Costruzione del sistema delle conoscenze e dei quadri interpretativi


Sistema delle conoscenze
Negli indirizzi la costruzione del quadro conoscitivo, finalizzato alla formazione del Piano,
prende avvio dall’Atto di Indirizzo (nella disamina della condizione iniziale che argomenta gli obiettivi programmatici dell’Amministrazione), è impostato nella costruzione del DPP, è completato e aggiornato nella fase di costruzione del PUG, ferma restando la possibilità, da parte dei Comuni, di anticipare alcune fasi o approfondire alcuni elementi di conoscenza in funzione delle specificità e problematiche locali.
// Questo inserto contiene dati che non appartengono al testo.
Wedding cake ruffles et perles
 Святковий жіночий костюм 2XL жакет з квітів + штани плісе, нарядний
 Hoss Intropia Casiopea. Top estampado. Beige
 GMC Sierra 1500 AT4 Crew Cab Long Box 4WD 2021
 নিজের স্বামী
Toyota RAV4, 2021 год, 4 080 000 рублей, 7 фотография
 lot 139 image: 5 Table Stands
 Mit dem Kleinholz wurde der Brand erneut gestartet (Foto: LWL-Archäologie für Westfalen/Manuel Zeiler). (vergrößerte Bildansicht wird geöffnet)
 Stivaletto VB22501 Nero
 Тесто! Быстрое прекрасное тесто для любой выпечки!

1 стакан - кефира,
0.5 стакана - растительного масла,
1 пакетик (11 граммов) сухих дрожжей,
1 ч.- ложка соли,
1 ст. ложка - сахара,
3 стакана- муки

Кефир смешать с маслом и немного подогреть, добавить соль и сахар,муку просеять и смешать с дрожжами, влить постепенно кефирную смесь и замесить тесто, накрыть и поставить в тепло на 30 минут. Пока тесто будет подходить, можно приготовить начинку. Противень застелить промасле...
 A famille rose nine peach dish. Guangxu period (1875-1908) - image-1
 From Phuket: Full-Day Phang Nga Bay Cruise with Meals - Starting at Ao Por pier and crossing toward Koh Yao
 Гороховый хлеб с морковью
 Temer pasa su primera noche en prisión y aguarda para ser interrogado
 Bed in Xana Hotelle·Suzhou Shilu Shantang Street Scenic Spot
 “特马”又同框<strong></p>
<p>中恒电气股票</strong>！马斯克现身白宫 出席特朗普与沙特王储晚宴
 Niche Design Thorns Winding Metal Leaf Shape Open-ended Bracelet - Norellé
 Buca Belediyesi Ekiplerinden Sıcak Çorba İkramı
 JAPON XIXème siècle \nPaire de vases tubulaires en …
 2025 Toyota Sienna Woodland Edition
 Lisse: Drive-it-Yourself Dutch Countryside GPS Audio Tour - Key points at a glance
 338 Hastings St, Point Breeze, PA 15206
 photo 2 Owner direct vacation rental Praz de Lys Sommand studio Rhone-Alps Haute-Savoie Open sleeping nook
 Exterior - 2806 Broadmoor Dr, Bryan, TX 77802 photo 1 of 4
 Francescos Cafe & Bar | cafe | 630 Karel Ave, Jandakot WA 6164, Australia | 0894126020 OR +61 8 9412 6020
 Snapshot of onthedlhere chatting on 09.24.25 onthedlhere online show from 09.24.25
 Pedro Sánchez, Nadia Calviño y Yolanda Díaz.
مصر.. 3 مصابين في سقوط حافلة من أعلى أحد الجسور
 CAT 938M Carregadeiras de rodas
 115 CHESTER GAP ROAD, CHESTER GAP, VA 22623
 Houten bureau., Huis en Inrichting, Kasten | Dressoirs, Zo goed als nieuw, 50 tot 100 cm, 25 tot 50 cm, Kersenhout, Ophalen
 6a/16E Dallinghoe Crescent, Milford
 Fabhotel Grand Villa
Secondo gli indirizzi il sistema delle conoscenze, più particolarmente articolabile in funzione dell’originalità dei singoli contesti territoriali, dovrà indicativamente comprendere le seguenti componenti:
- sistema territoriale e quadro programmatico di area vasta;
- sistema territoriale locale:
- realtà socio-economica
- bilancio urbanistico della pianificazione vigente a livello comunale

Quadri interpretativi
Secondo gli indirizzi i quadri interpretativi sono costruiti a partire dal sistema delle conoscenze e costituiti da descrizioni integrate dei caratteri dominanti dei luoghi, delle relazioni tra le risorse individuate e delle relative tendenze di trasformazione. I quadri interpretativi quindi derivano da una ricomposizione integrata delle ricognizioni delle risorse effettuate nella fase di costruzione del quadro conoscitivo, nonché da una interpretazione critica dello stato di fatto del territorio e delle sue tendenze di trasformazione.
I quadri interpretativi potranno giungere a:
- l’individuazione delle “invarianti strutturali”, intese come quei significativi elementi patrimoniali del territorio sotto il profilo
storico-culturale, paesistico-ambientale e infrastrutturale, che attraversano i contesti territoriali, e che in alcuni casi possono anche coincidere con essi, caratterizzati dalla stabilità e dalla non negoziabilità dei valori nel medio-lungo termine. Detti significativi elementi storico-culturale, paesistico-ambientale e infrastrutturale assicurano rispettivamente l’integrità fisica e l’identità culturale del territorio, e l’efficienza e la qualità ecologica e funzionale dell’insediamento.
Le invarianti strutturali pertanto potranno corrispondere a parti del territorio interessate da risorse ambientali la cui trasformazione metterebbe a repentaglio la sicurezza dei territori e delle popolazioni che li abitano, beni che derivano da qualità intrinseche del paesaggio-ambiente e del suo patrimonio culturale che è interesse collettivo tutelare, armature territoriali infrastrutturali di interesse
sovralocale;
- l’articolazione del territorio comunale in “contesti territoriali”, intesi come parti del territorio connotate da uno o più specifici caratteri dominanti sotto il profilo ambientale, paesistico, storico-culturale, insediativo, infrastrutturale, e da altrettanto specifiche e significative relazioni e tendenze evolutive che le interessano.